Tool:Gemini: Integrative Exploration Of Genetic Variation And Genome Annotations
5
14
Entering edit mode
11.6 years ago

We have developed a new tool called GEMINI (GEnome MINIng) to facilitate the exploration of genetic variation in the context of a wide range of genome annotations that are crucial to interpretation and prioritization. Unlike existing tools, GEMINI integrates genetic variation with a diverse and flexible set of genome annotations (e.g., dbSNP, ENCODE, UCSC, ClinVar, KEGG) into a unified database to facilitate interpretation and data exploration.

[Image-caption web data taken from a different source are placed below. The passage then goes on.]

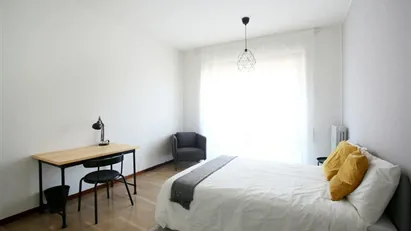 Room for rent in Milano Zona 2 - Stazione Centrale, Gorla, Turro, Greco, Crescenzago, Milan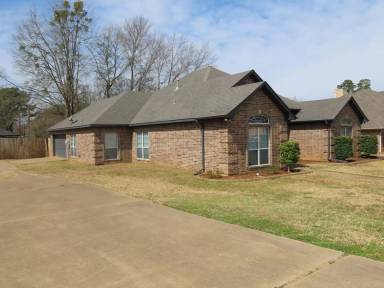 Main picture of 2062 Old Oak Dr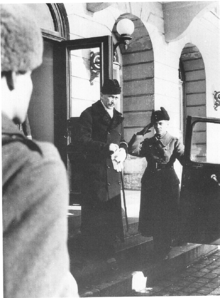 World War 1 Picture - Mannerheim leaves the President's Residence in Helsinki on 4 March 1946 after his short presidency.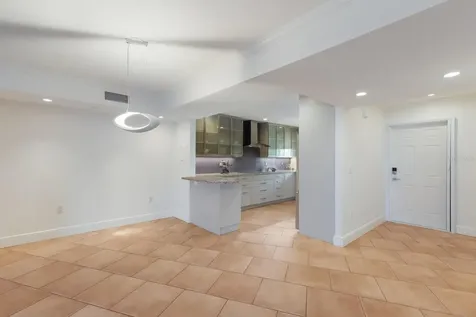 4835 Gulf Of Mexico Drive Longboat Key FL 34228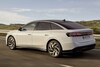Volkswagen ID7 rijdend links van achteren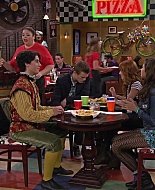 Shake_It_Up_S02E04_Beam_It_Up_1080p_BTD_001794.jpg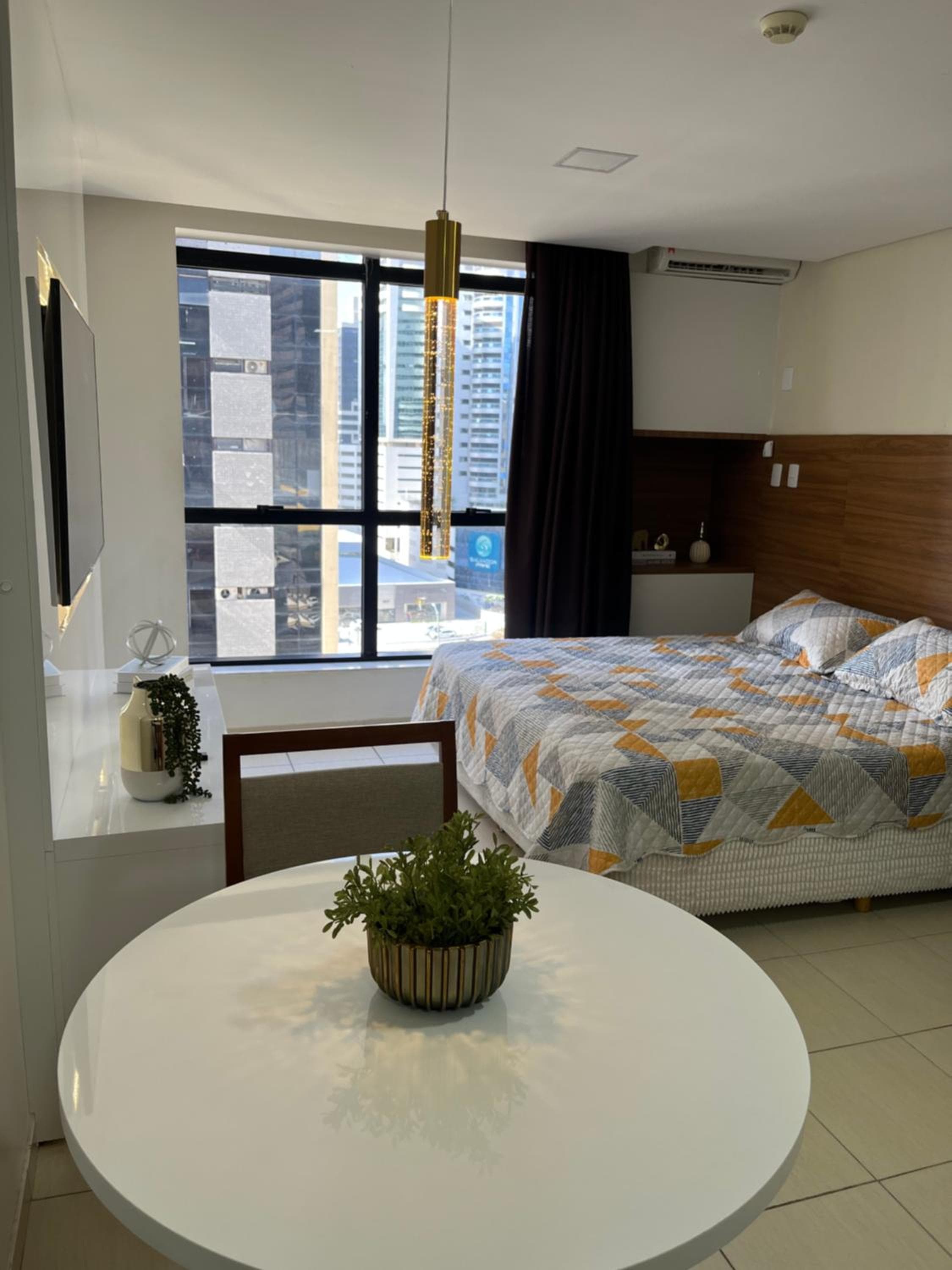 Suíte luxo com tela de cinema no América Towers Studio Residence, Salvador, photo 2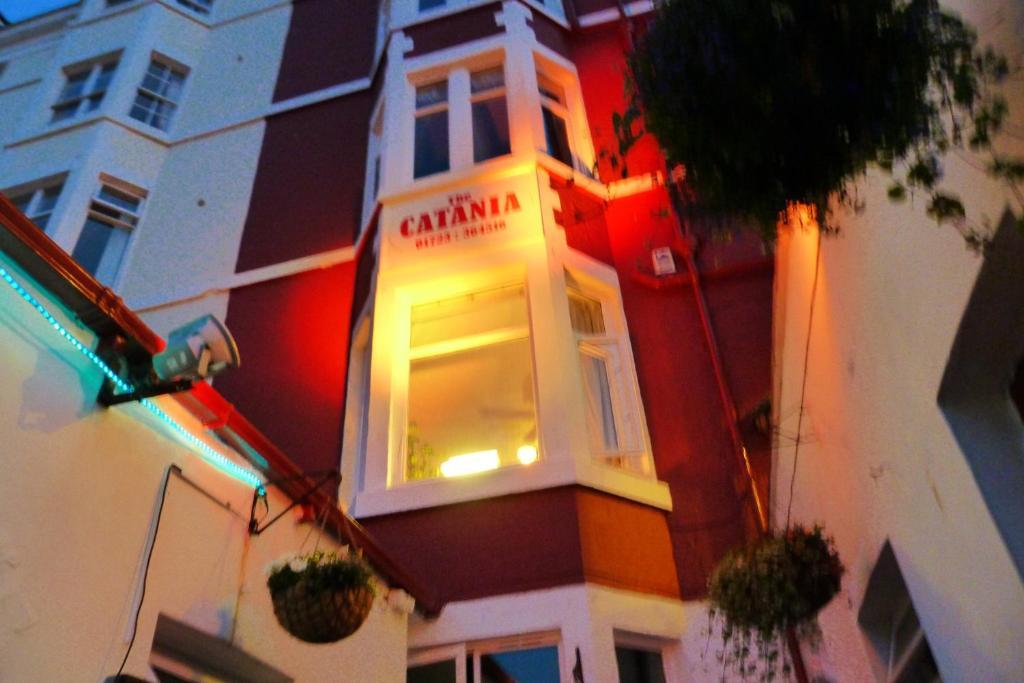 Catania Hotel Scarborough Exterior photo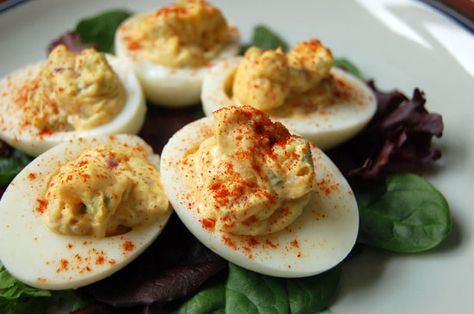 Stuffed eggs are always popular. If preparing for a crowd, you might want to triple the number of eggs and make up all three alternative additions. Siracha Sauce, Sriracha Deviled Eggs, Make Kimchi, Stuffed Eggs, Best Party Appetizers, Best Deviled Eggs, Bacon Deviled Eggs, Hot Chili Sauce, Deviled Eggs Recipe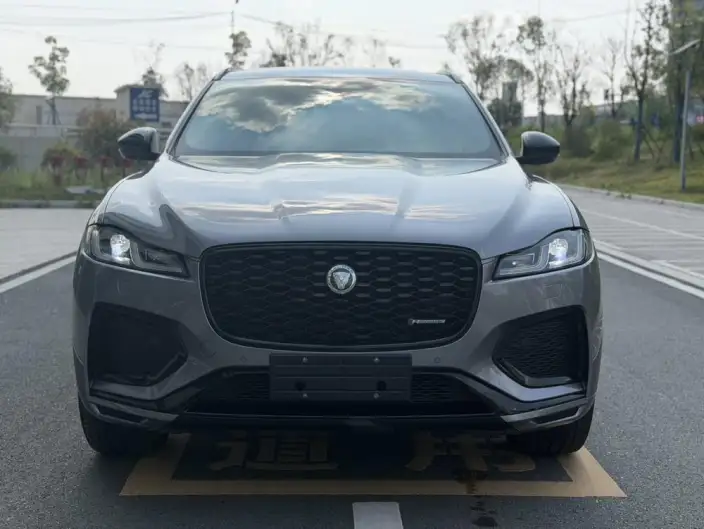Jaguar F-PACE 2024 Model P250 R-Dynamic SE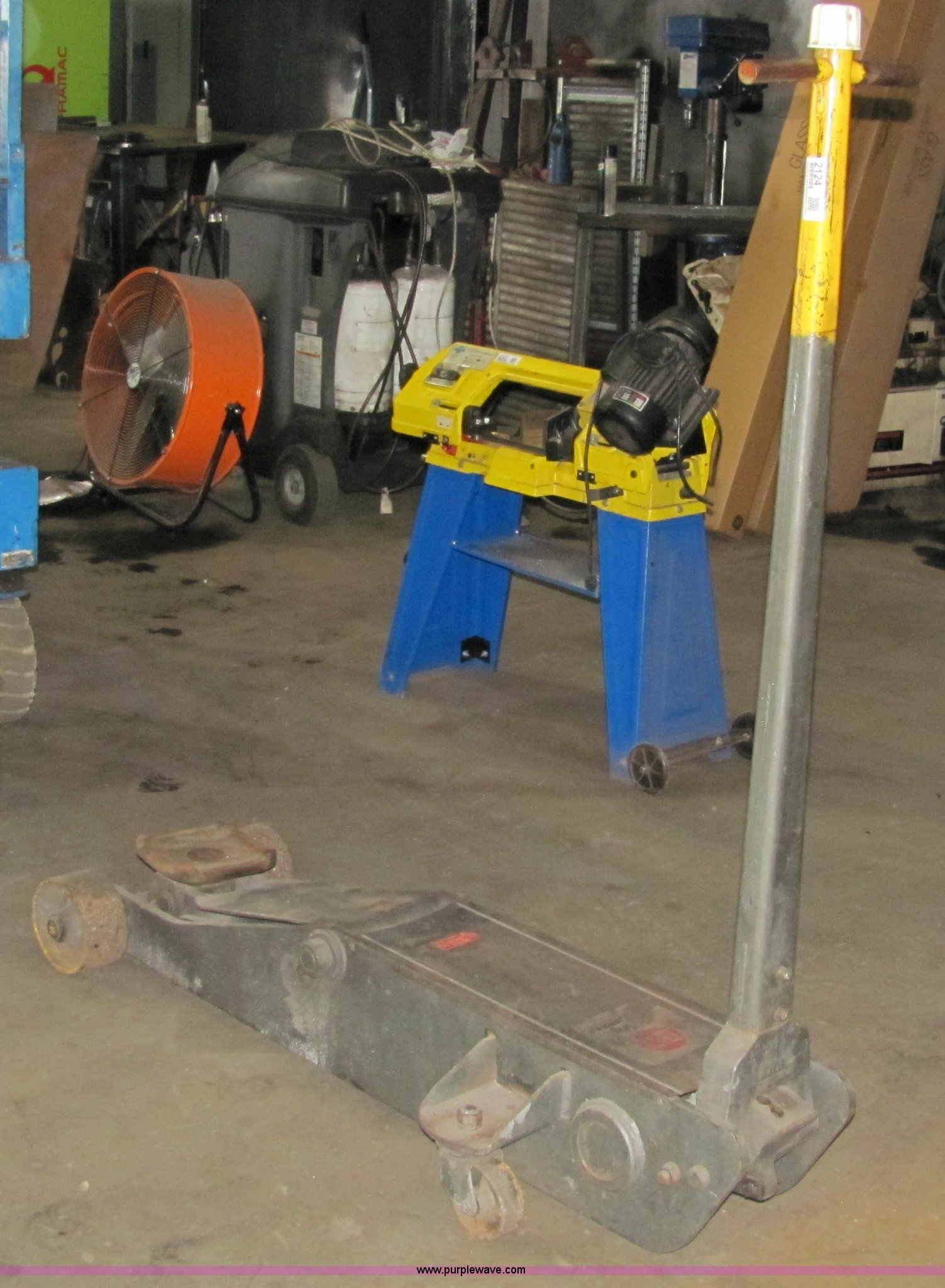 Napa 91660 floor jack in Spring Hill, KS Item 2124 sold Purple Wave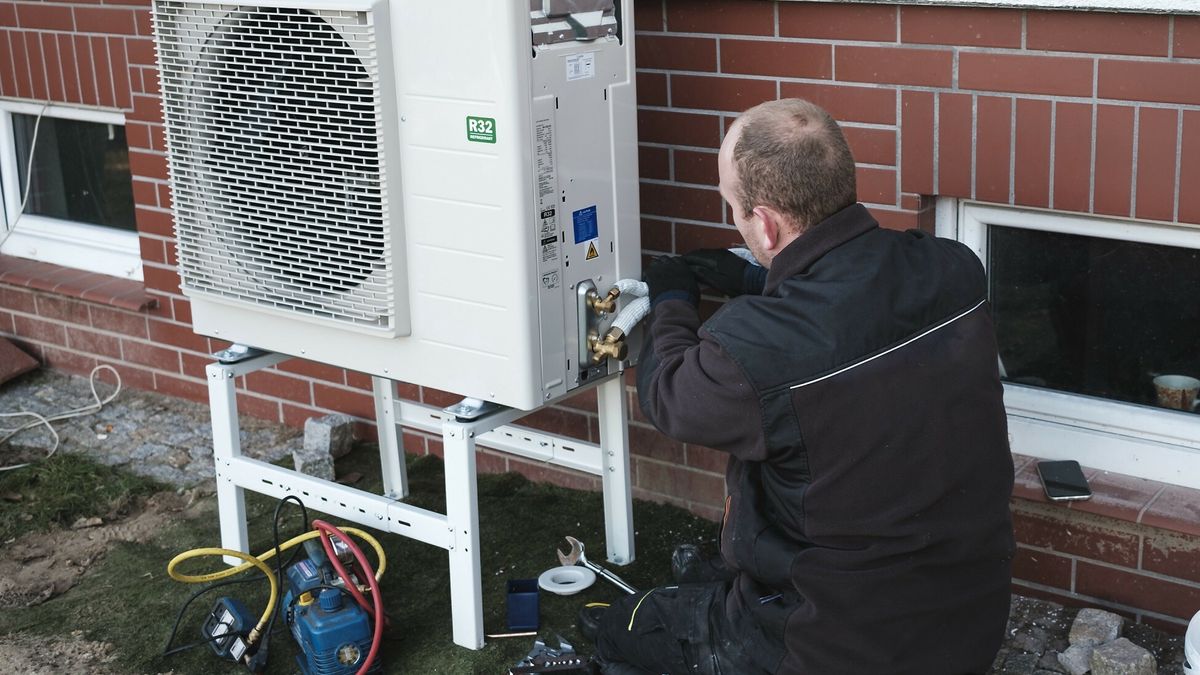 Pompa ciepła podczas instalacji. Program Moje Ciepło to nawet 21 tys. zł dla właścicieli domów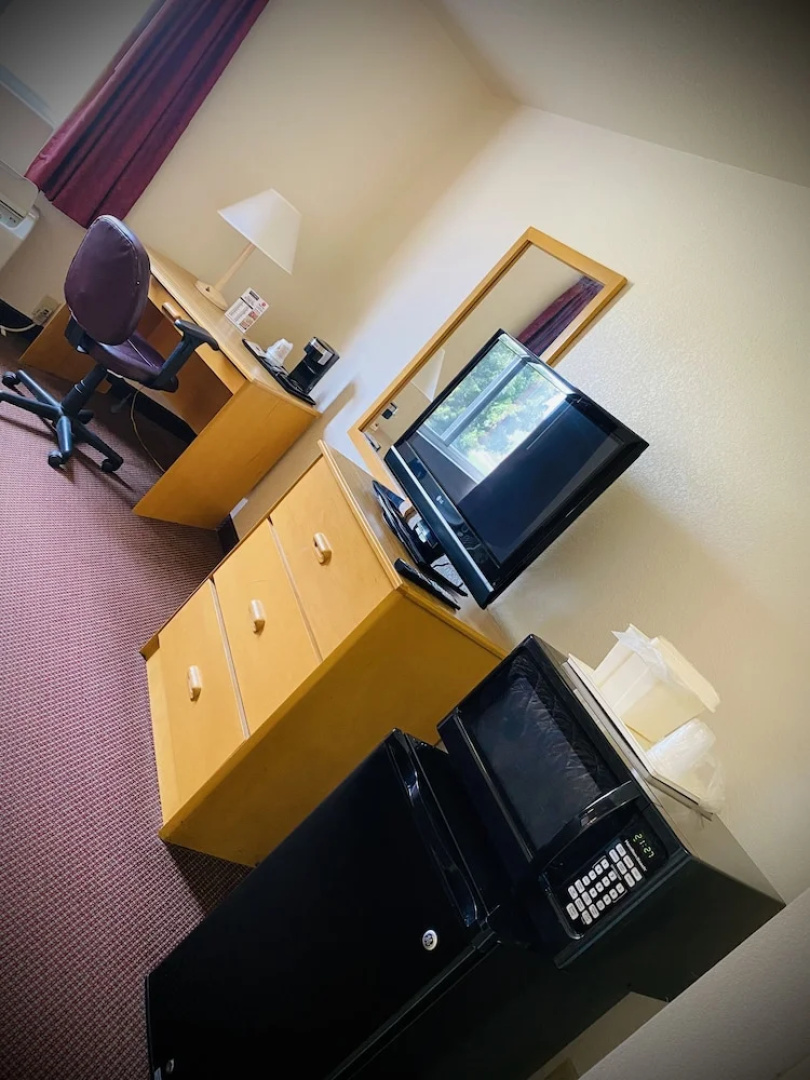 Herington Inn & Suites
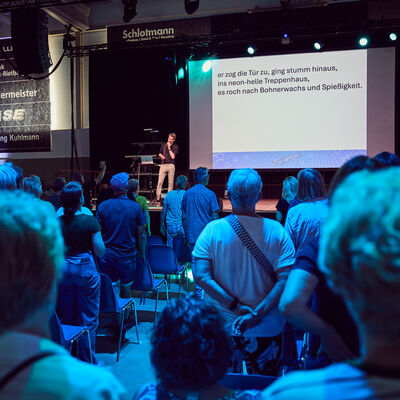 Bild vergrößern: Rudelsingen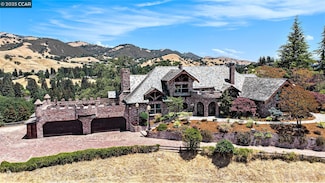 176 Mountain Canyon Ln, Alamo, CA 94507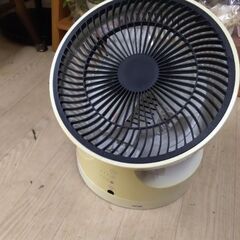 定価15000円　2019年極上美品　高性能　サーキュレーター　2500円から4000円　ストーブ エアコン の対流　扇風機の画像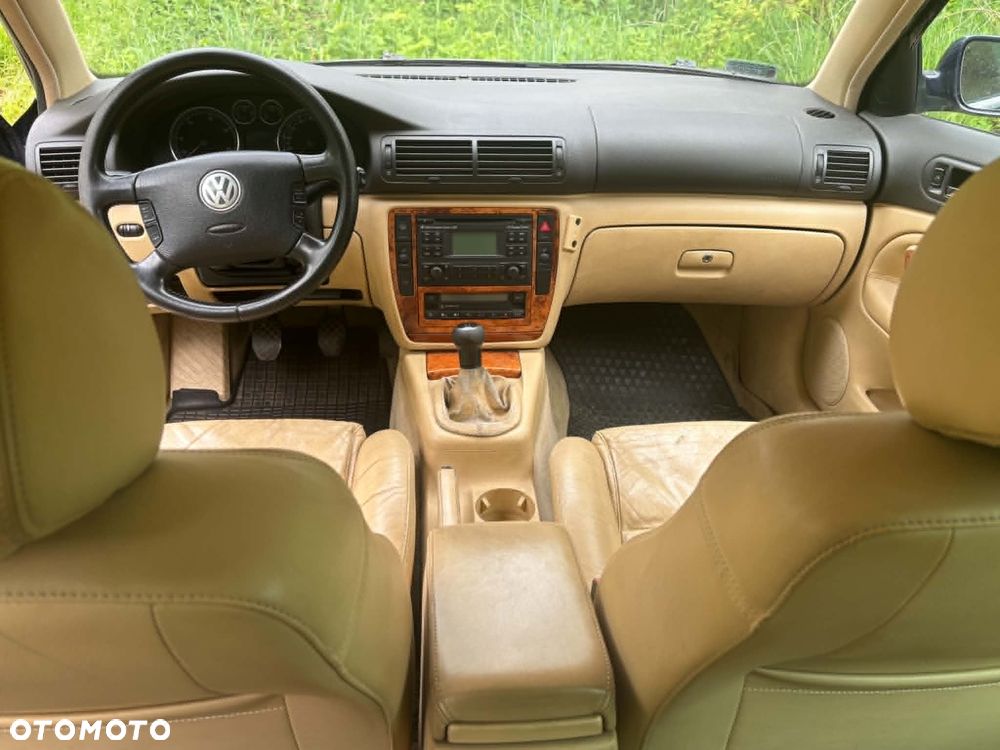 Volkswagen Passat 1.9 TDI Comfortline - 14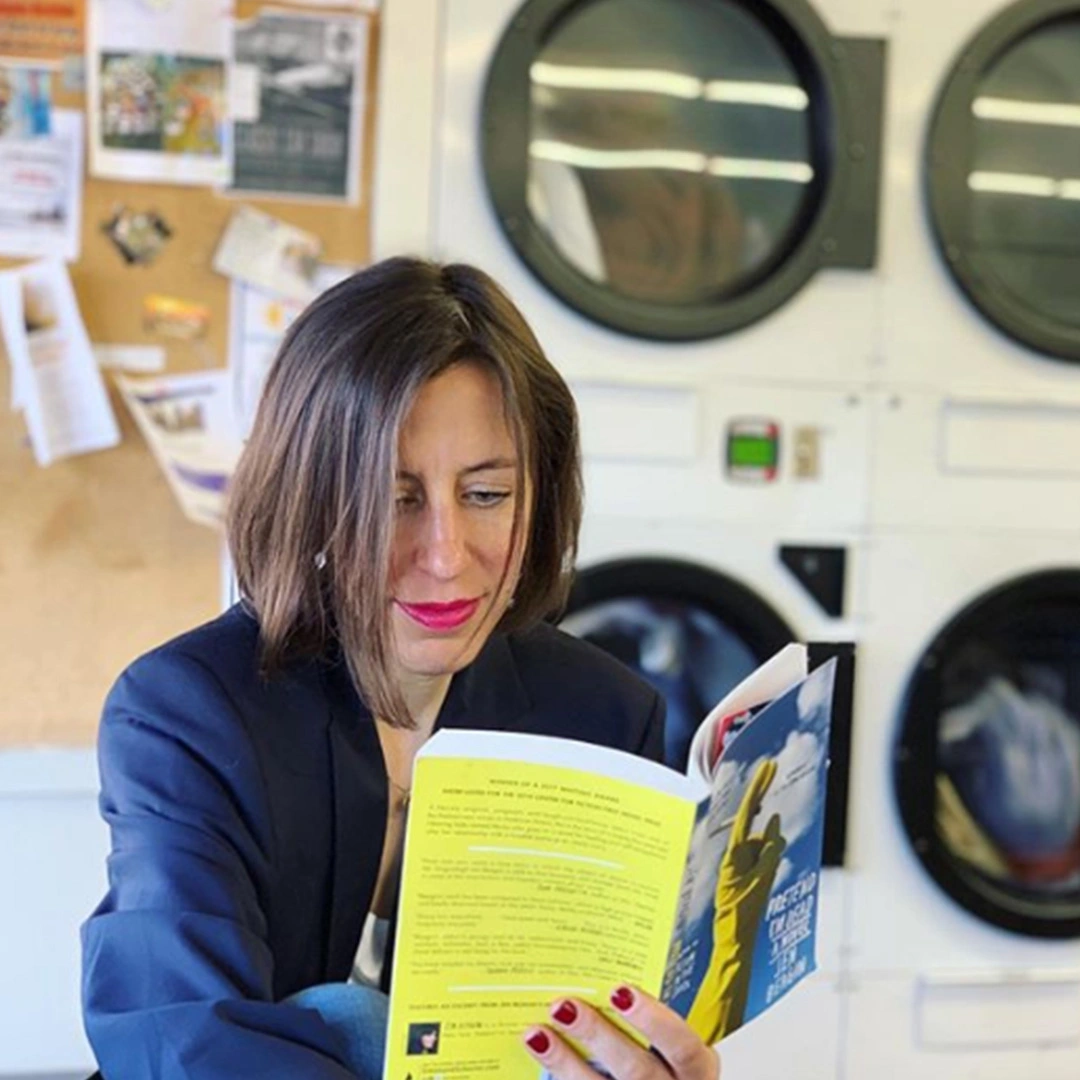 Katrin C. Roth im Waschsalon am Lesen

By loading both genetic variants in VCF format and genome annotations into a unified SQLite database, GEMINI allows researchers to compose complex queries based on sample genotypes, inheritance patterns, and both pre-installed and custom genome annotations. GEMINI also provides methods for ad hoc queries and data exploration, a simple programming interface for custom analyses that leverage the underlying database, and both command line and graphical tools for common analyses. GEMINI is well-suited to exploring variation in personal genomes and family based genetic studies, and it scales to studies involving thousands of human samples. GEMINI is designed for reproducibility and flexibility and our goal is to provide researchers with a standard framework for medical genomics.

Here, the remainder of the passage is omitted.